Charo sabía que Amadeo no era de caricias y le dejaba estar, calculando el tiempo de alimentarlo para dejarlo después otra vez a su aire.
El nombre de Amadeo fue una inspiración de la abuela, que divagando en el sermón del domingo tuvo la revelación de que Amadeo significaba el que ama a Dios
y secretamente guardó la ilusión de hacerlo sacerdote, imponiéndole el nombre tres semanas después de que naciera, en la pila de bautismo. Esa fue la única vez que Amadeo lloró con fuerza.
dos
Quise darle a mi madre el gusto de verme casada y viviendo una vida decente. Si por mí fuera ni estaría aquí, ni tendría hijos, ni sería decente. Pero hay que conocer a mi madre para saber que no se hace lo que uno quiere, sino lo que ella dice.
A Efraín lo conocí en donde las primas de la costa, para unas vacaciones. Yo tenía un noviecito en el pueblo y no es que lo quisiera, pero entretenía bastante mantenernos en los límites, a puros roces, besos y manos distraídas. Esas vacaciones, mi mamá me mandó para alejarme, sin pensar que me estaba acercando a algo peor. O mejor, nunca lo sabremos. Dinero no nos ha faltado, los niños crecieron sanos y yo, salvando el par de días al mes que Efraín venía de visita, tenía el tiempo digamos libre.
Todas las primas querían a Efraín y lo rodearon cuando se presentó en la casa. Era amigo de la familia y todas se querían casar con él. Le vi con recelo al principio y me quedé en una orilla, ajena a la confianza del grupo. El me vio directamente a los ojos y sonrió. Yo qué iba a hacer, si con toda la inexperiencia del mundo sentí que ya me había desnudado.
Días después, solos en la bodega trasera de la casa de mis tíos, yo sin ropa y él con los pantalones a la rodilla, tuve la sensación de morirme sola. Fue un orgasmo, pero un orgasmo triste. El sexo se nos dio bien desde el principio porque a mí me gustaba que él hiciera y a él le gustaba que yo me dejara.

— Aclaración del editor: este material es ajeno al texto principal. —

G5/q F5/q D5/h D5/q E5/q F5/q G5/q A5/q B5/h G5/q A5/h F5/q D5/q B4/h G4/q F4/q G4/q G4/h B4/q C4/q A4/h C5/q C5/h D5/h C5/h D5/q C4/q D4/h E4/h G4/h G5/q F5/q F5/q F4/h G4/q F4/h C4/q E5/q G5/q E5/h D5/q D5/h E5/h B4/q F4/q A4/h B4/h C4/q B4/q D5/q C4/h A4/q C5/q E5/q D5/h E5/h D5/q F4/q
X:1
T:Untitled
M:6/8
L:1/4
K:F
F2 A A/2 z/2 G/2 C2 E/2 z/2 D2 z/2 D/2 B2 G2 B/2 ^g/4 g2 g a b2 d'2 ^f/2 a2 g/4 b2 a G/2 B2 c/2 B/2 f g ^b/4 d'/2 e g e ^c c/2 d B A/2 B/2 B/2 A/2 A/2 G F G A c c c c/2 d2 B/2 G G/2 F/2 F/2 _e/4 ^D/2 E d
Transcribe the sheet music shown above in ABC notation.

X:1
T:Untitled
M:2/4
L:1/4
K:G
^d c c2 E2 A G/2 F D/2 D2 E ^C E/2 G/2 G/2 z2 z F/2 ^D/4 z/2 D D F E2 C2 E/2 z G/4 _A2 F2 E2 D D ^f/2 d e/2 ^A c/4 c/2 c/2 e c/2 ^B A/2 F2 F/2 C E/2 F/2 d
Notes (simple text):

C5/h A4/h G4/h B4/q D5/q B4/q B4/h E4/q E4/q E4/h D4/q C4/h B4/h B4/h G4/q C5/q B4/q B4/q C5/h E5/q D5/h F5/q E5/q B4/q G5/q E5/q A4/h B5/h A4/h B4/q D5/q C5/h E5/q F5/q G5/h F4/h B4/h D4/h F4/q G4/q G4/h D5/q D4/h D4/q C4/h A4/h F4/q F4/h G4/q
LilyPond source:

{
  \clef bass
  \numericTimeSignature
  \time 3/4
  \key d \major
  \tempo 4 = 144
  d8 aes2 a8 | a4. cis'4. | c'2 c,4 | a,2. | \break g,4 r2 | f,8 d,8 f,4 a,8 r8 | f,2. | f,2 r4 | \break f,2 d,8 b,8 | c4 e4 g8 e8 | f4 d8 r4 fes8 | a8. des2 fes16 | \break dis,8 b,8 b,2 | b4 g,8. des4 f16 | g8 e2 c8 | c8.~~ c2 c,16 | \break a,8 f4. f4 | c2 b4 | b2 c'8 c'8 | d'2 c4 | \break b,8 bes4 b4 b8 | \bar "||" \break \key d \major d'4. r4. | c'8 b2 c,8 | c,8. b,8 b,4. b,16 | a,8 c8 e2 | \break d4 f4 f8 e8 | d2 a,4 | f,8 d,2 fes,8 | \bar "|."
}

No tomé precauciones para no embarazarme por la razón más sencilla que encontré: tenía 16 años y hasta entonces no había menstruado.

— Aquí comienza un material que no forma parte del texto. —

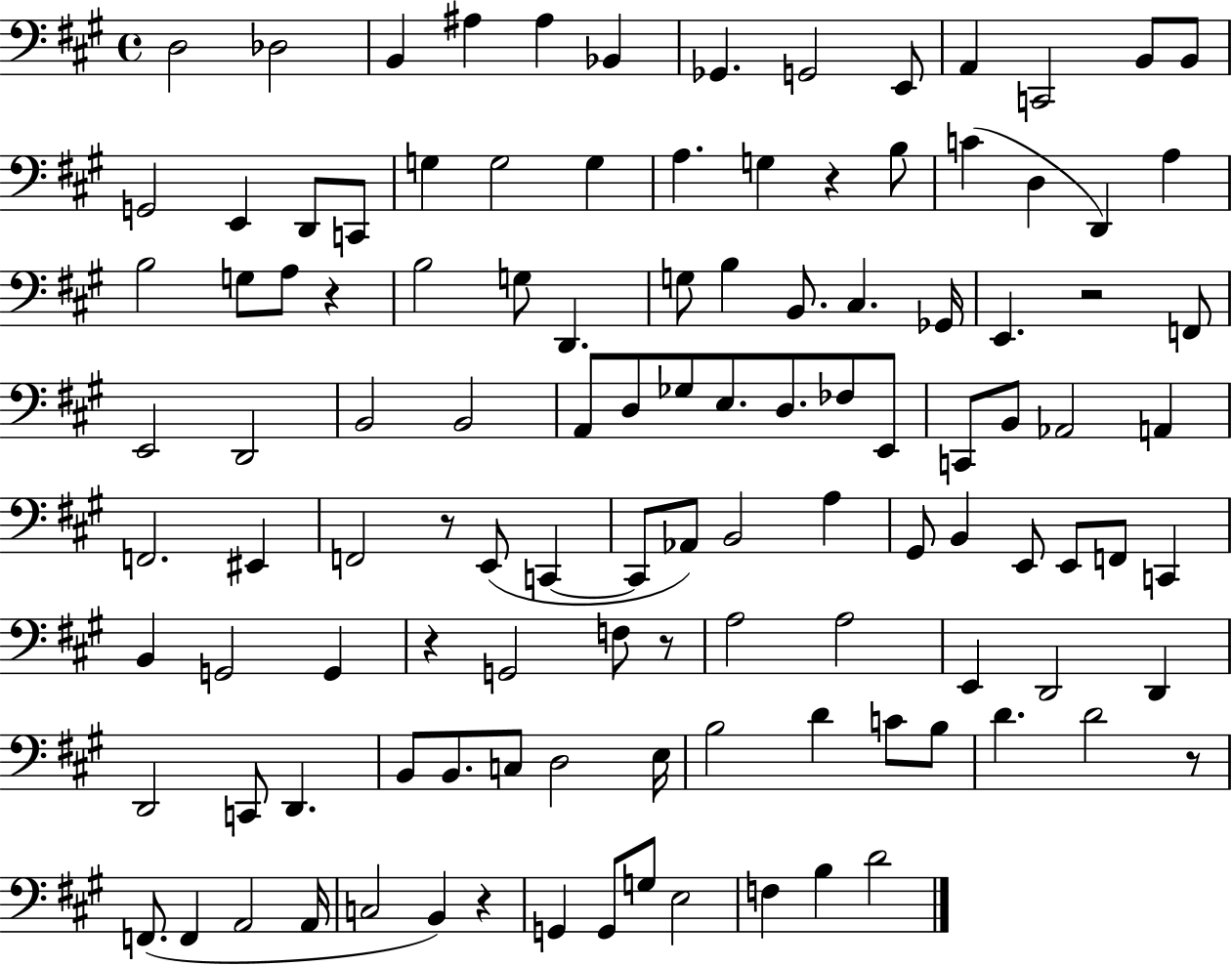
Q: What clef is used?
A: bass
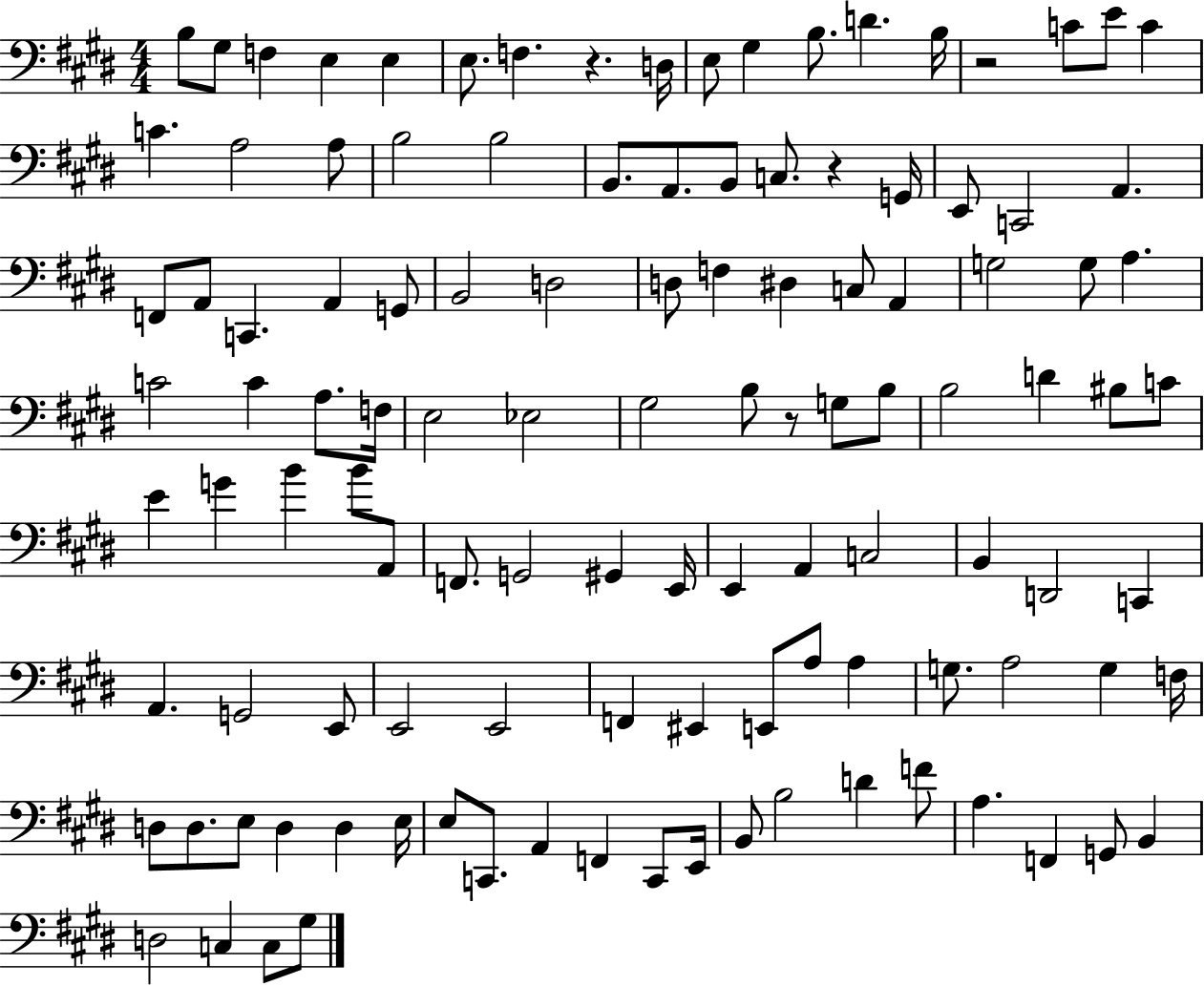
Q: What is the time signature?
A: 4/4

Estaba disfrutando de mi cuerpo y me sentía enamorada. Efraín hablaba todo el tiempo de la vida que íbamos a tener juntos, de la casa en la que viviríamos, de los viajes que haríamos. Yo escuchaba sin atreverme a decir que no tenía ganas de casarme, que se callara y me siguiera tocando. Lo besaba y lograba que no dijera más. Eso nos tardó un par de semanas hasta que mi tía empezó a sospechar y me mandó de regreso a casa de mi mamá. Nos quedaba el teléfono, pero es muy aburrido esperar del otro lado de un hilo.
Los días pasaban y yo estaba inquieta. No estaba embarazada, como supuse, pero mi mamá me preguntó qué había cambiado porque me notaba distinta. Disimulé haciendo un esfuerzo por concentrarme y dedicándome en serio a hacer cosas en casa. Me gustaba quedarme en la sala y limpiar con cuidado la mesita de vidrio que mi mamá llenaba con figuras en miniatura hechas de bronce. Era un zoológico raro, en donde además de animales había lámparas maravillosas y objetos domésticos. Debía tener especial cuidado en limpiar todo por separado, darles brillo a las figurillas con una pasta especial y un trapo seco, colocarlas una por una en la mesa que había limpiado con desinfectante y papel periódico y fijarlas de una, sin dudar, sobre la superficie transparente. Si una caía, los restos de pasta manchaban el vidrio y había que volver a empezar. Eso me ayudaba a concentrarme en otra cosa que no fuera la fiebre que me empezaba en las piernas y me rodeaba el vientre, porque cada vez que el teléfono sonaba, el corazón me latía con fuerza. Era el puro deseo y me tuve que contener porque pasó un mes hasta que volví a ver a Efraín. Alguien tocó a la puerta y yo que no le esperaba, salí a abrir como estaba, recién levantada y sin bañar.